# Removing Catails



## huntingfishing (Apr 30, 2010)

my pond has catail growing all around the bank,(just purchaced it) i know there is huge bass in it(seen them), like 6# plus, and i dont want to harm them. what is the best way to remove catails without killing fish.


----------



## 01mercLS (Oct 28, 2006)

You might get a better response in the "pond management" section. Maybe the Mod can move this thread to the pond management. Good luck with your pond!


----------



## Fishingislife (May 20, 2004)

removing cattails in the central Ohio fishing reports?? Thats a good report on knowing you have cattail problem!


----------



## floater99 (May 21, 2010)

Try using Aqua Shade,not sure where to get it but it works.


----------



## bassbuster065 (Apr 28, 2010)

huntingfishing said:


> my pond has catail growing all around the bank*,(just purchaced it)* i know there is huge bass in it(seen them), like 6# plus, and i dont want to harm them. what is the best way to remove catails without killing fish.

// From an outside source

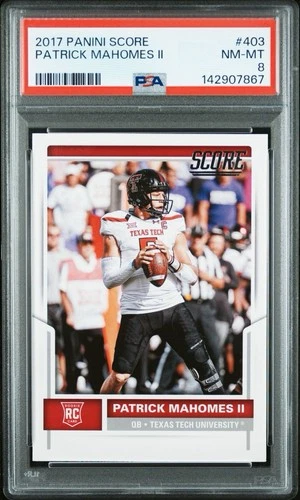 2017 Score #403 PATRICK MAHOMES II Rookie Card RC KC Chiefs FRESH GRADED PSA 8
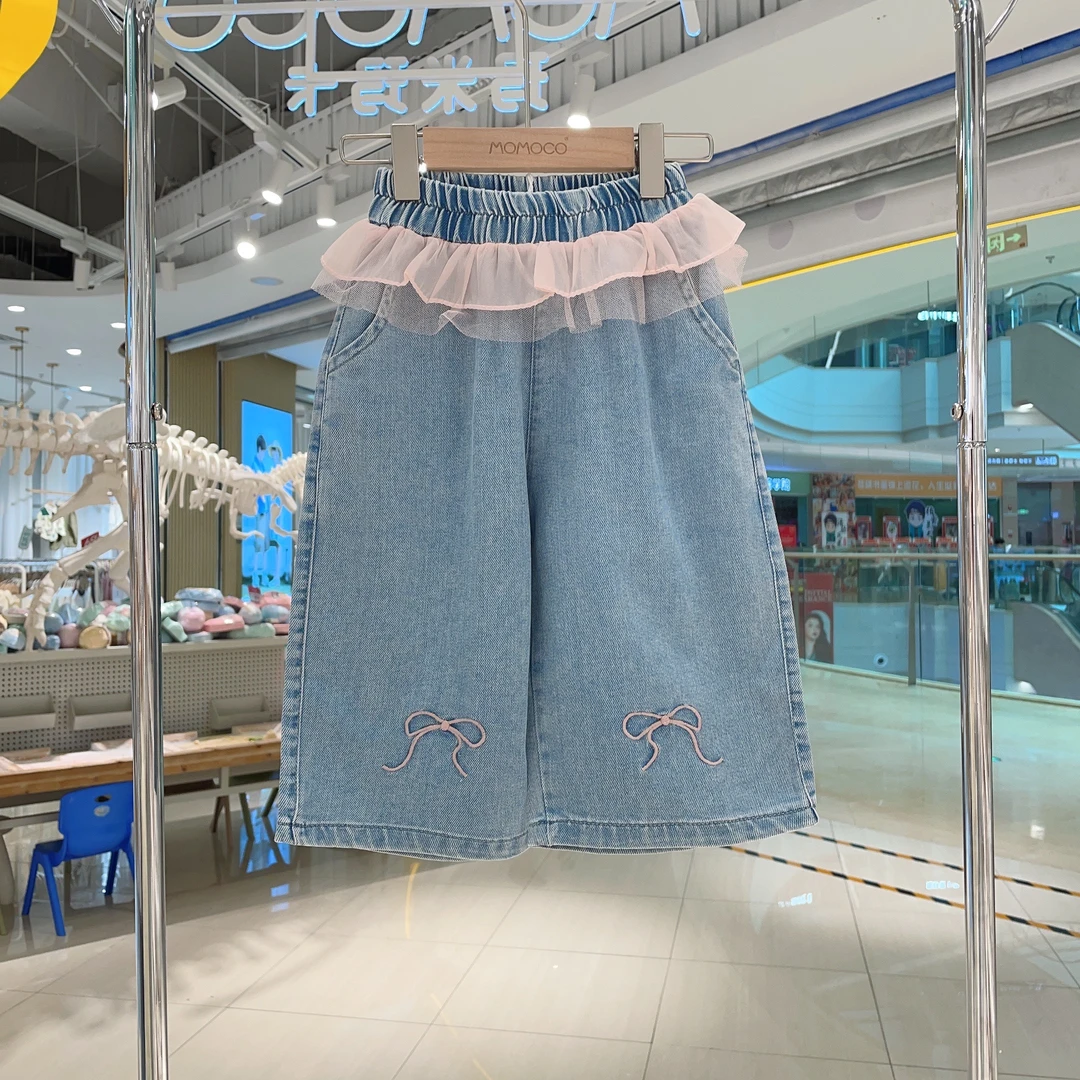 MOMOCO夏季女童休闲百搭洋气花边蝴蝶结牛仔七分裤77620351002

bull crap you dont have a pond


----------



## [email protected] (Feb 29, 2008)

try a glyphosate herbicide. we sell it under the trade name AquaPro. You also use a surfactant to make the spray stick better; Cide-Kick is the brand we sell. Mix two ounces of each per gallon of water and spray the foliage. Aquashade will not do a thing for cattails.


----------



## Character Zero (Jan 6, 2005)

a backhoe and a dump truck. The seeds are way down in the silt.


----------